During recent weeks, the media spotlight has been focusing on an ingredient that exists in a large number of food products and usually in the diet of many European households: palm oil. The alarm has been raised as a result of various social media consumer movements and a number of politicians, all calling for the immediate removal of this product from supermarket shelves on the grounds of it being harmful to health. But what lies behind all of this? Is this alarm justified?

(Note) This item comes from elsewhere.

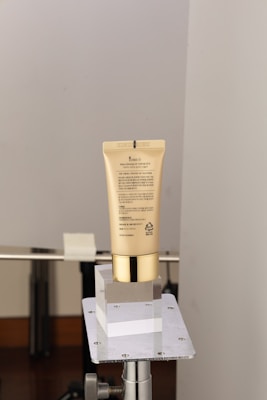 A beige cosmetic tube with gold accents is placed on a metallic stand. The tube features text and branding and appears to be a skincare product. A minimalistic and clean background is used, primarily showcasing the product without distractions.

Palm oil comes from a palm tree widely grown in certain areas of Southeast Asia and Africa. Once processed, it is mainly used as a biofuel and in the food industry in the form of butter or fat. Its main features and, therefore, its widespread use, are the highly neutral way it improves flavor in food and gives a certain oily texture which enhances the consumption of products that include it as an ingredient. It is also a very stable oil that does not decompose during the cooking process, and is affordable. It is widely used in the food industry and palm oil can usually be found on the labels of many products such as crisps, biscuits, cakes, ready-made meals, sauces, soups, creams, pastry, pizza or snack foods. It is important that we point this out, as palm oil, along with all other ingredients of any product, is always mentioned on labels for consumers.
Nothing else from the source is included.